─── Data provided ───

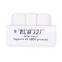 ELM 327 Bluetooth OBDii V2.1 White Car Scanner Interface ELM 327 Wireless Scan Tool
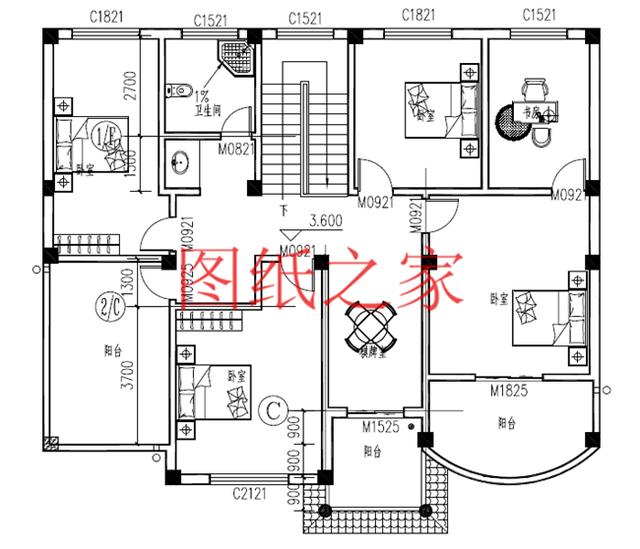 2套二層別墅設計圖，占地180平米左右，美觀和實用兼備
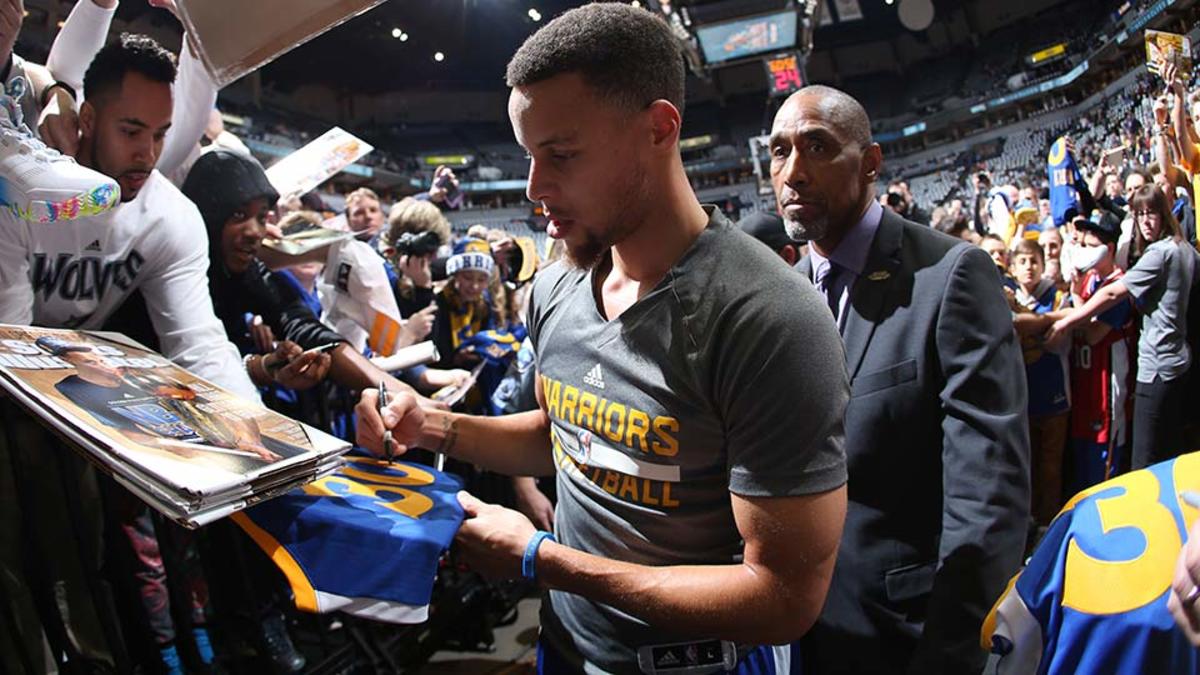 Stephen Curry's bodyguard: The man who guards the Warriors - Sports Illustrated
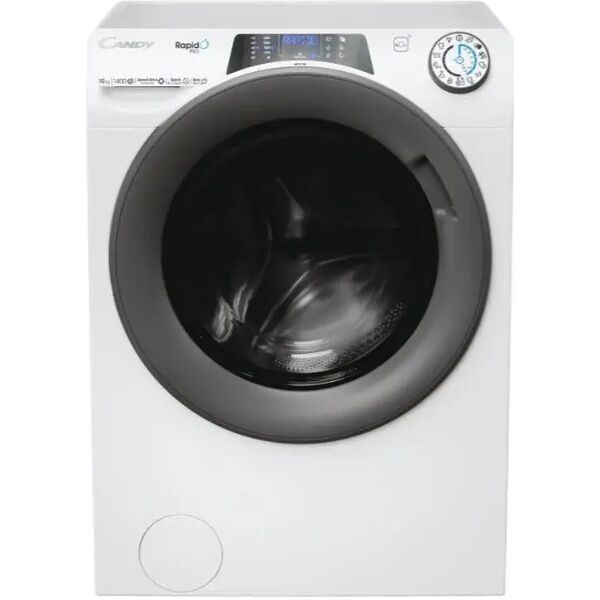 candy rapido' pro rp 4106bwmr-1-s lavatrice caricamento frontale 10kg 1400 giri-min classe energetica a bianco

───

**What you are asked to do:**
The response must repeat all the lines above exactly and include no pictures.

**Solved exercise:**
 ELM 327 Bluetooth OBDii V2.1 White Car Scanner Interface ELM 327 Wireless Scan Tool
 2套二層別墅設計圖，占地180平米左右，美觀和實用兼備
 Stephen Curry's bodyguard: The man who guards the Warriors - Sports Illustrated
 candy rapido' pro rp 4106bwmr-1-s lavatrice caricamento frontale 10kg 1400 giri-min classe energetica a bianco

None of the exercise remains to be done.